M. Pierre Louault. - Ne serait-ce pas le moment d'interdire aux loups la maltraitance de leurs proies, quand on voit les agriculteurs qui trouvent la moitié de leur troupeau sauvagement agressé, éventré, quand on voit les veaux retirés de leur mère avant leur naissance ? On est dans la bêtise organisée, par idéologie, et cela me choque : je pense que quand on parle de maltraitance animale, on pourrait avoir un minimum de pensées pour les agriculteurs, qui voient leurs troupeaux dépecés par les animaux sauvages qui se développent à grande vitesse.

Mme Évelyne Renaud-Garabedian. - Comment expliquer un tel décalage entre l'intention du législateur, qui a voulu réprimer plus sévèrement les abandons d'animaux et faire de la cause animale une cause nationale, et les sanctions que l'on ne voit pas tellement apparaître dans les tribunaux ? Il n'y a même pas 10 % de sanctions, ce qui laisse de nombreux comportements non sanctionnés ?

M. Daniel Salmon. - Merci, madame la rapporteure, pour votre travail. Il est toujours intéressant de se pencher sur ce qui se passe après l'adoption d'une loi.

Par ailleurs, j'ai eu écho d'une problématique, celle du dressage des chiens de défense, qui est souvent l'occasion de nombreuses maltraitances pour les rendre beaucoup plus agressifs. Je pense qu'il faudrait avoir un oeil sur ces pratiques, qui m'ont été rapportées par des chenils.

Enfin, je voudrais mettre la focale sur le milliard deux cent millions d'animaux d'élevage qui sont abattus tous les ans, même si ce n'était pas dans l'objet de cette loi. Il faut aussi avoir en tête le bien-être de ces animaux-là.

Mme Anne Chain-Larché. - S'agissant des sanctions contre les actes de maltraitance, le problème est bien entendu celui que j'ai soulevé, c'est-à-dire le manque de moyens. En France, on ne se donne pas les moyens de contrôler, ni de sanctionner.

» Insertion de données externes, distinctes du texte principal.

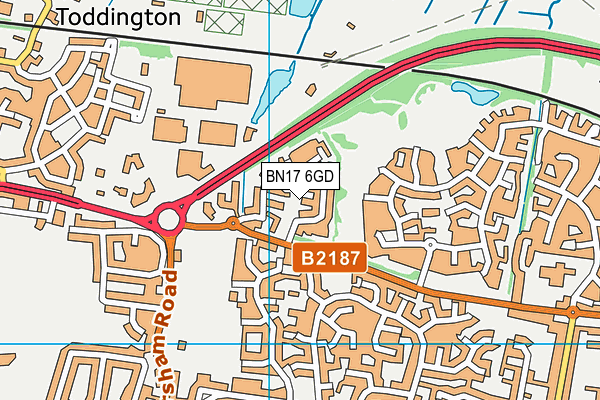 BN17 6GD map - OS VectorMap District (Ordnance Survey) BN17 6GD map - OS VectorMap District (Ordnance Survey)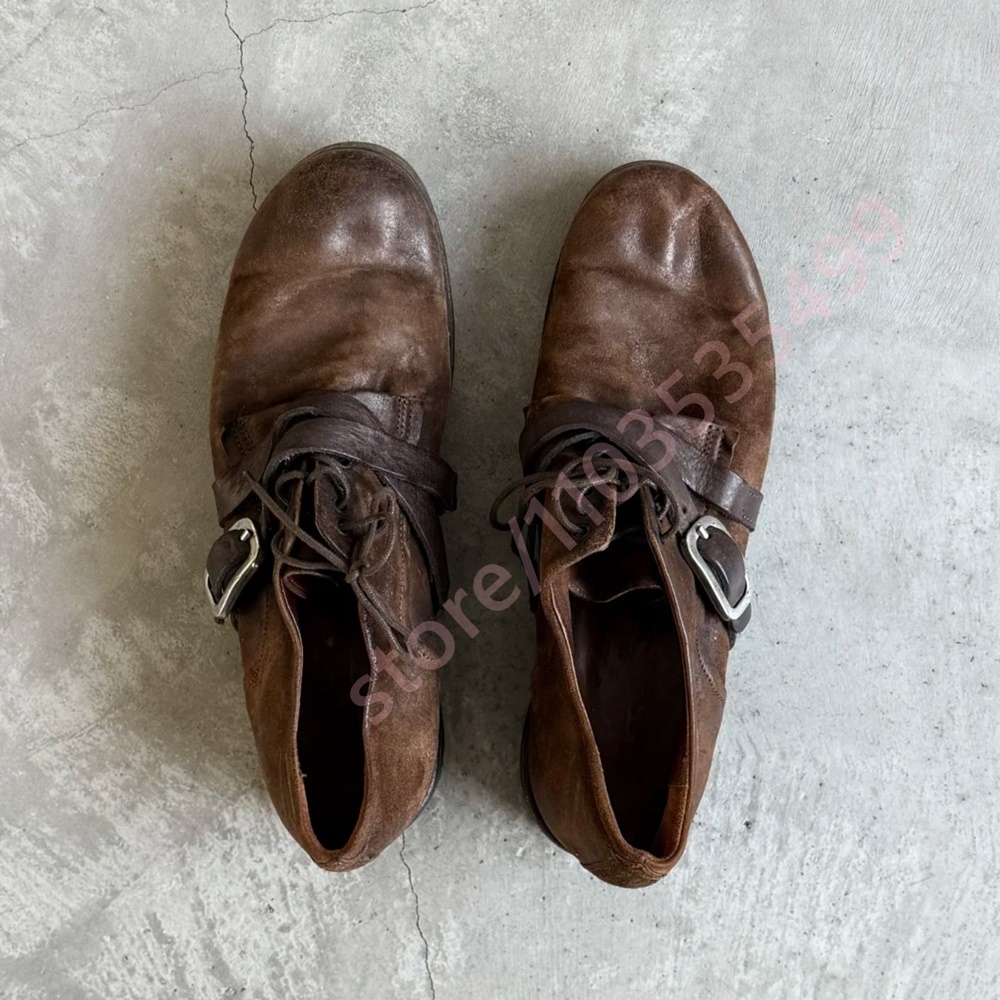 2026 Retro Distressed Brown Le - Shoes Heels Men recension och pris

C'est ce qui fait qu'on arrive à des interdictions. C'est d'ailleurs ce que nous avions soulevé au moment de la discussion de la proposition de loi. Nous ne pouvons que le déplorer. Nous avons renforcé les sanctions pénales dans le très important chapitre 2 de la loi, mais pour autant nous ne nous donnons pas les moyens de les appliquer. Les propositions de loi se multiplient alors que toute forme de maltraitance ou de cruauté, entraînant ou non la mort, est passible de sanctions, celles-ci ayant été relevées. Il faut se donner les moyens d'agir.

Mme Sophie Primas, présidente. - Le rapport ainsi que ses recommandations sont adoptés. Il me reste à remercier Anne Chain-Larché pour son implication sur ce sujet. La proposition de loi était médiatique mais je dois dire qu'elle n'a pas porté bonheur à ses auteurs...

Mme Anne Chain-Larché. - Je voudrais juste ajouter une remarque. L'une des préconisations que vous avez sous les yeux me paraît très importante et il me semble que vous devriez y être vigilants dans tous vos départements. La loi « 3DS » a créé des commissions départementales des professions foraines et circassiennes (CDPFC), qui ne sont pas encore déployées dans tous les départements. J'y tiens parce que c'est au sein de ces commissions que les maires peuvent avoir la bonne information sur ce qui est légal ou ce qui ne l'est pas et, d'une certaine façon, se rassurer face à la pression des associations.

Les recommandations sont adoptées.

La commission adopte le rapport d'information et en autorise la publication.